Un homme adipeux. Le corps n'est pas beau. Une tête de femme, lorsque la caméra descend. Une pipe. La bite est volumineuse. Est-ce son volume qui tire une larme à la jeune fille? Ou l'innocence d'un amour perdu?
Bataille dans le ciel commence ainsi. Et finira de même. Peinture abstraite de la folie urbaine, d'un Mexico saturé de lumière, en proie à ses contradictions : pauvres, riches, blancs, hispanos, obèses, bien portants... Le film déroutera. Les aficionados y voueront un culte mystique. Illuminations ou mirages? Car, au-delà de la provocation que pourrait engendrer certaines scènes sexuellement explicites, le film évoquera surtout un désir de vouloir transporter le spectateur dans une expérience originale. Le film n'est donc pas offert à tous. Il peut aussi être reçu différemment.
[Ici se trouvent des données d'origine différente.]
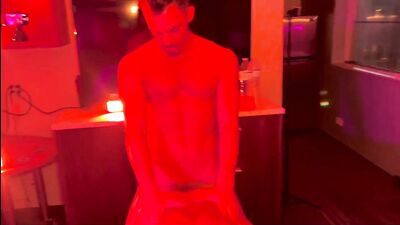 Angels Unleashed (Ricky & Diego) with Bren Part 1
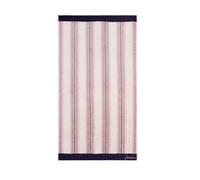 Joules Fruity Stripe Hand Towel, Oat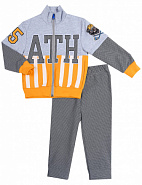 Костюм мал.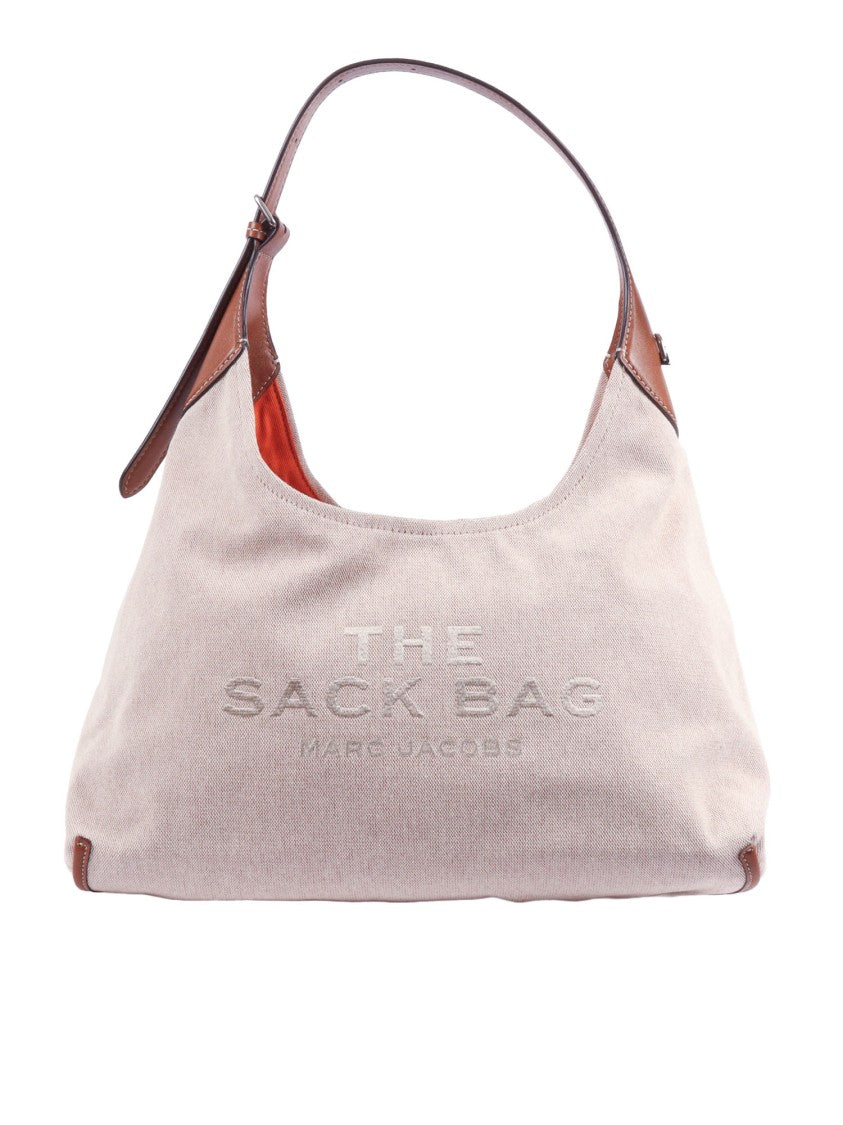 Marc Jacobs The Belted Sack Shoulder Bag
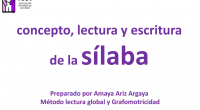 Hoy compartimos con todos vosotros y vosotras este incrible material realizado por  Amaya Ariz presidenta de la asociación ANA Asociación Navarra de Autismo creada para ayudar a las personas con Autismo, […]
Carlos Reygadas n'est pas un cinéaste généreux. Cinéaste rigoureux, il a conscience de l'intelligence de ses plans, mais oublie parfois de leur donner un sens. La caméra est toujours placée où il faut. Les mouvements sont toujours étudiés. Elle suit le regard de son protagoniste. Jusqu'à se transformer en caméra subjective. Le son, grande force du film, contribue à notre immersion dans ces mondes intimes, dans l'environnement du protagoniste. Entre Tsai Ming-Liang et Bruno Dumont (grand écart osé mais qui vient à l'esprit), le réalisateur crée un cinéma à la fois conceptuel et naturaliste, parfois onirique et s'attachant au réalisme. Tous ces Mexicains se liquéfient : pisse, sang, sperme, larmes... Ca fuit de partout, comme chez Ming Liang. Le film suinte. Et s'évade l'instant d'après, vers ce fameux ciel filmé. Parfois, il filme vu du ciel. La ville, les gens, tout cela semble distant. Et pourtant si proches... Déshumanisé, le décor du cinéma de Reygadas trouve son corps, à défaut d'un esprit, dans les rapports sexuels.
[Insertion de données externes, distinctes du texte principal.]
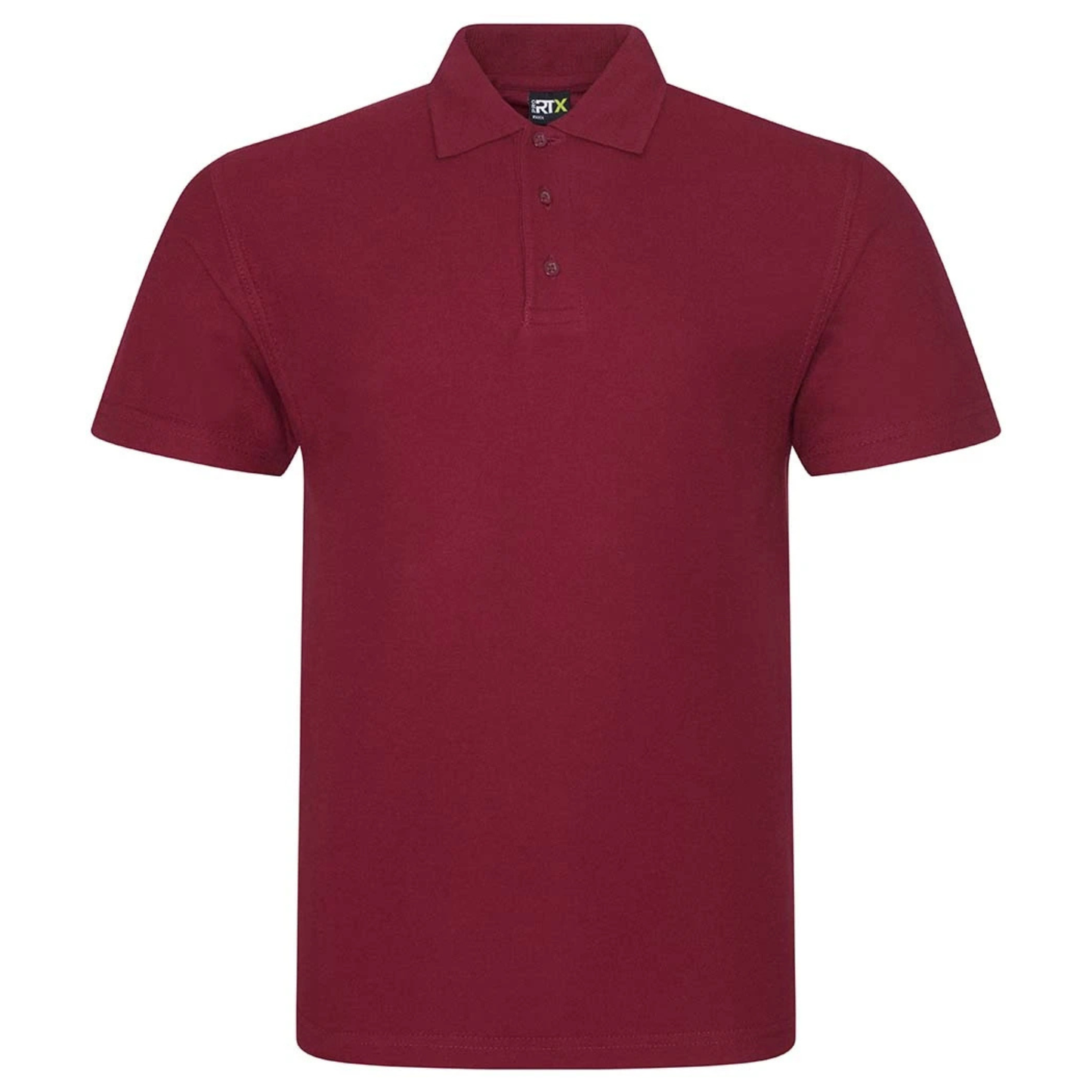 Pro RTX Pro Piqué Polo Shirt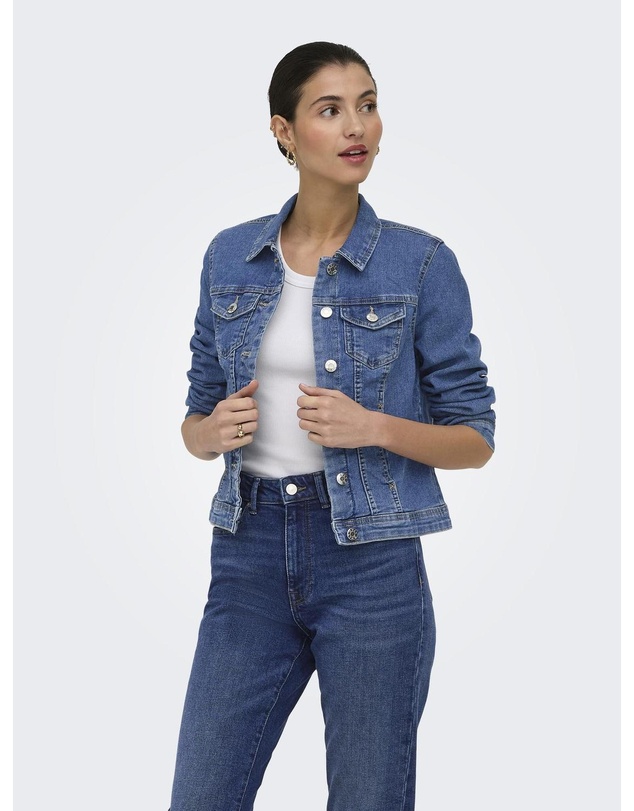 ONLY - Wonder Denim Jacket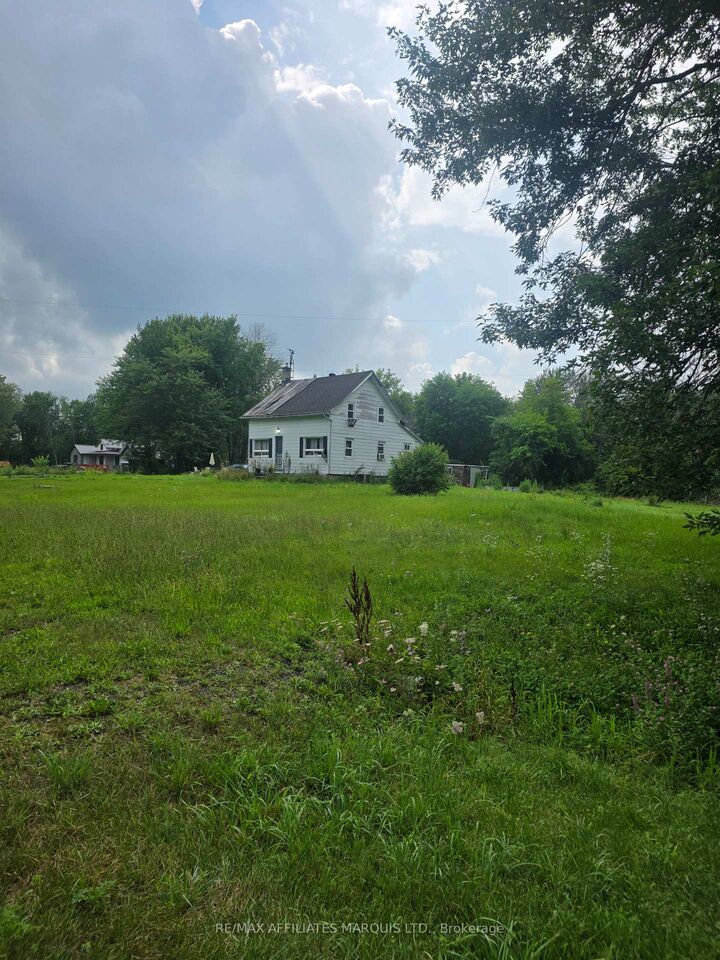 Property Photo: 13871 Haystead Road ON K0C 1M0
C'est dans les scènes charnelles qu'il arrive à nous émouvoir. Il filme le sexe avec compassion. Les corps sont ingrats ou les gestes peu sensuels. Il n'y a pas d'esthétisme ou de désir. On se branle devant un match de foot. On tire sa femme en levrette sous le regard d'un Jésus crucifié. L'épouse a un crops à la Botero. Tandis que la femme désirée est l'exact contraire. Cet homme est perdu, aveuglé par une passion impossible. Il n'y voit plus très bien. Se cache les yeux dans ses mains. Ou égare ses lunettes. "- Tu as perdu tes lunettes, mon chéri? - Elles étaient rayées de toute façon. - Je te donnerai ton ancienne paire." Ca ne l'aidera pas plus... Il est bon pour le sacrifice, comme chez les Aztèques.
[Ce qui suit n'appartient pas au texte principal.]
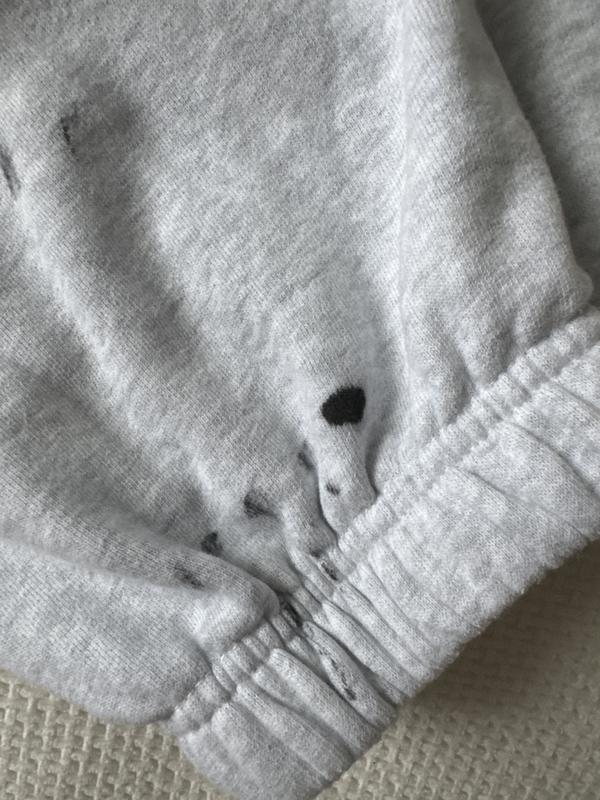 UltraFleece Slouchy Straight Leg Sweatpants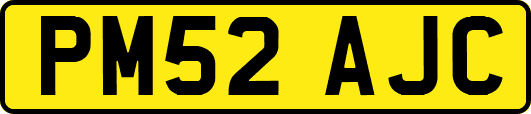 PM52AJC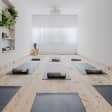 Aulas de Ashtanga Yoga: Conecta-te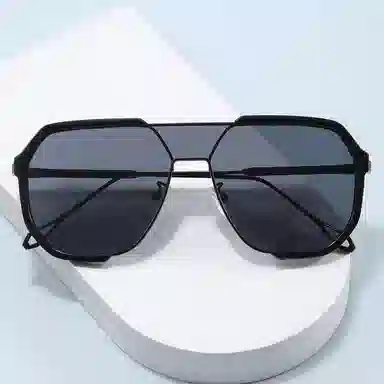 TUCANO Aviator Sunglasses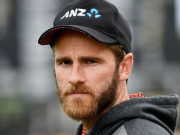 کیوی کپتان کین ولیمسن پاکستان کو دیے زخم پرمرہم رکھنے لگے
Reygadas se laisse lui aussi aveugler par le plaisir onaniste de ses images. Il sait construire un beau plan. Mais ne le remplit de rien. Il fait du cinéma et nous montre son savoir-faire. C'est plastique. Les sensations sont inexistantes. Il faut le bruit pour vibrer sensoriellement. Ce bruit permanent, sauf sur les cimes des montagnes, où le silence devient jouissance. Bataille dans le ciel est alors une oeuvre qui se veut singulière - qui a peut être la prétention de trop le faire savoir - et qui s'avère égoïste et même égocentrique. Les intentions ne sont pas claires mais le langage cinématographique n'est pas pour nous déplaire.
Nous garderons en tête une séquence : plan circulaire commençant sur deux corps faisant l'amour, pendant que l'on pose des antennes télé sur les toits. Puis retour, boucle bouclée, vers les corps, allongés sur le lit. La bite débande. Gros plan sur la chatte. Les mains se frôlent. Se lient. Il y a alors un frisson d'humanité qui passe dans ce film désoeuvré et profondément pessimiste sur un monde aliéné qui ne se parle plus et qui n'arrive à communiquer que dans des gestes simples, presque animaux.